July 02, 2008

NRO's Uncommon Knowledge Features Tom Wolfe

Good to see Mr. Wolfe backing down from his famous "your soul has died" article. He sounds Walker Percy-like in his seeing language as the crucial dividing line between man and beast.

Amazingly optimistic about America, he's a pessimist about the novel, saying the latter will go the way of the epic poem. He's likely right, which if true would make the hand-wringing over the lack of Catholic fiction academic. No one today is upset by the lack of Catholic epic poets.

FRIDAY, MAY 09, 2008
The Word According to Tom Wolfe: Chapter 5 of 5
Tom Wolfe and America? He loves the place, a position that puts him at odds with much of the charming aristocracy. He’s also an optimist about America — and American greatness. “The biggest problem,” says Wolfe, “is all the people who see a problem.”

THURSDAY, MAY 08, 2008
The Word According to Tom Wolfe: Chapter 4 of 5
Tom Wolfe says evolution ended when man learned to speak — with the dawn of homo loquax. Where status for the beast of the field is determined by power, for man it is determined in innumerable ways because of language. And it is language that gives us rational thought. Wolfe asks, “Have you ever see an animal shrug?”

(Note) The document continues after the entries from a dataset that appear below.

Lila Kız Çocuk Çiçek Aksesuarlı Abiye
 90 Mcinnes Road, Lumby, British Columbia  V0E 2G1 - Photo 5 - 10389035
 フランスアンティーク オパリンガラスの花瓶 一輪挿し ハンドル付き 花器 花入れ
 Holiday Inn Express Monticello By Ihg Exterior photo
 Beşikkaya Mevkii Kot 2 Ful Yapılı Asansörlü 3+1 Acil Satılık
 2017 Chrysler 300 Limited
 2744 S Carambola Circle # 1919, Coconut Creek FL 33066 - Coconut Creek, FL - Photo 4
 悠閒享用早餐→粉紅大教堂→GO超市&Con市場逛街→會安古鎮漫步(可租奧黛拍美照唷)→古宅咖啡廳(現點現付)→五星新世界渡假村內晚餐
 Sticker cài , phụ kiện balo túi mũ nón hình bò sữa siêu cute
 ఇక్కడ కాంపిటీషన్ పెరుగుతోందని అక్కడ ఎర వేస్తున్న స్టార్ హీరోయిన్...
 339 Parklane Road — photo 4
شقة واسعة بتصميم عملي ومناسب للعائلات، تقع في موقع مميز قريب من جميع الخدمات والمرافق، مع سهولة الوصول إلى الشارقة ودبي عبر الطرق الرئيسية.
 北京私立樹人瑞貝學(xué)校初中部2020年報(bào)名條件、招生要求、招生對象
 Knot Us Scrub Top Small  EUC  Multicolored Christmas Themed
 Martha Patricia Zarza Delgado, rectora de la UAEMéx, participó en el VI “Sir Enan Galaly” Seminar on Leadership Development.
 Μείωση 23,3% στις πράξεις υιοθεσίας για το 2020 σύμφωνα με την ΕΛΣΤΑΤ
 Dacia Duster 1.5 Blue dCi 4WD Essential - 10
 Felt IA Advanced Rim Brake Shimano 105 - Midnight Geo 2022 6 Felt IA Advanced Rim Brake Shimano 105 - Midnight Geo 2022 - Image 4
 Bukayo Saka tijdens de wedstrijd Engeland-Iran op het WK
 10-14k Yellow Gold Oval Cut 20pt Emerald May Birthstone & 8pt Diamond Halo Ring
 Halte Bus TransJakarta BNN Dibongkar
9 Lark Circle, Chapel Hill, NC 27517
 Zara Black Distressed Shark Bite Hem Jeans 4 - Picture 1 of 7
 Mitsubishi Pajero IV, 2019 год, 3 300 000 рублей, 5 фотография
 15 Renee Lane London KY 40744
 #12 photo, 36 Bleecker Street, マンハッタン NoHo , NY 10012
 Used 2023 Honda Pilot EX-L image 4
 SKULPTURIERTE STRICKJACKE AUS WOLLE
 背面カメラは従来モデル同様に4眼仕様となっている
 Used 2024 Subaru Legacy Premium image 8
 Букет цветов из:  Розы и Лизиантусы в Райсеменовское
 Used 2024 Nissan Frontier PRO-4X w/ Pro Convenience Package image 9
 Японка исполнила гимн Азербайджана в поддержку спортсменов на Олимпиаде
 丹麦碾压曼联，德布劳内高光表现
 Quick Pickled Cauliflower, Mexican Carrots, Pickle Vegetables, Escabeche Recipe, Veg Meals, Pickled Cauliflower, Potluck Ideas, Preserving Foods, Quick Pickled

The Word According to Tom Wolfe: Chapter 3 of 5
Darwin, Marx, Freud, (E.O.) Wilson? Tom Wolfe says the common thread there is the power of the word — of ideas that change human history in large and obvious ways.

TUESDAY, MAY 06, 2008
The Word According to Tom Wolfe: Chapter 2 of 5
Tom Wolfe says the ideas for his novels grow out of conversation — from what’s really happening. His critics have pounced on this, calling his novels more journalism than literature. But Wolfe shrugs this off: He says he doesn’t write for the “charming aristocracy” — the aristocracy of taste that believes the novelist must aspire to things the masses cannot understand.

MONDAY, MAY 05, 2008
The Word According to Tom Wolfe: Chapter 1 of 5
Tom Wolfe begins by discussing the written word, in its popular forms. The master novelist and journalist says the novel is dying a horrible death, although non-fiction work will continue and the memoir will never die. He then talks about the subject of his latest novel (still in progress): immigration.